La empresa de análisis de la conducción Zendrive ha estudiado a fondo el problema de la distracción al volante, utilizando los datos de los sensores de más de 3 millones de conductores y 5.600 millones de kilómetros de viajes. El estudio ha revelado que los conductores utilizan sus teléfonos durante el 88% de sus trayectos. Nuevos datos del Consejo Nacional de Seguridad (NSC) estiman que hasta 40.000 personas murieron en accidentes de tráfico en 2016, lo que supone un aumento del 6% respecto al año anterior. El estudio destaca que el 47% de los automovilistas se siente cómodo enviando mensajes de texto mientras conduce. Esto es así a pesar de que otros estudios demuestran que el uso del teléfono móvil en el coche puede distraer más que beber mientras se conduce.

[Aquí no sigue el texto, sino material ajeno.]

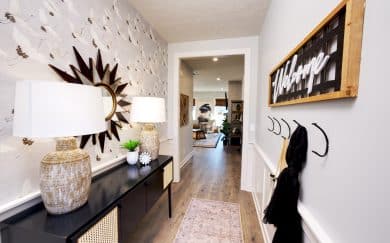 Teton Farmhouse - Goldfinch Cove - Evansville, IN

El NSC estima que el coste de las muertes, lesiones y daños materiales causados por los vehículos de motor en 2016 fue de 432.000 millones de dólares, un 12% más que el año anterior. Esos costes incluyen pérdidas en salarios, productividad, gastos médicos, daños materiales y gastos administrativos. Esto no va por buen camino, y tampoco nuestra vulnerabilidad a las distracciones.

La respuesta a mi pregunta parece ser que sí, que mis hábitos han cambiado al conducir sin que yo sea consciente de ello. Los pequeños estudios piloto pretenden plantear preguntas para futuras investigaciones. ¿Necesitamos voces independientes que nos ayuden a equilibrar las grandes experiencias en nuestros coches con la seguridad? ¿Necesitamos que los vehículos sean más inteligentes respecto a las distracciones? Como mínimo, necesitamos entender mejor las distracciones, utilizando las herramientas que pueden identificar qué nos distrae, y en qué medida, en cada momento.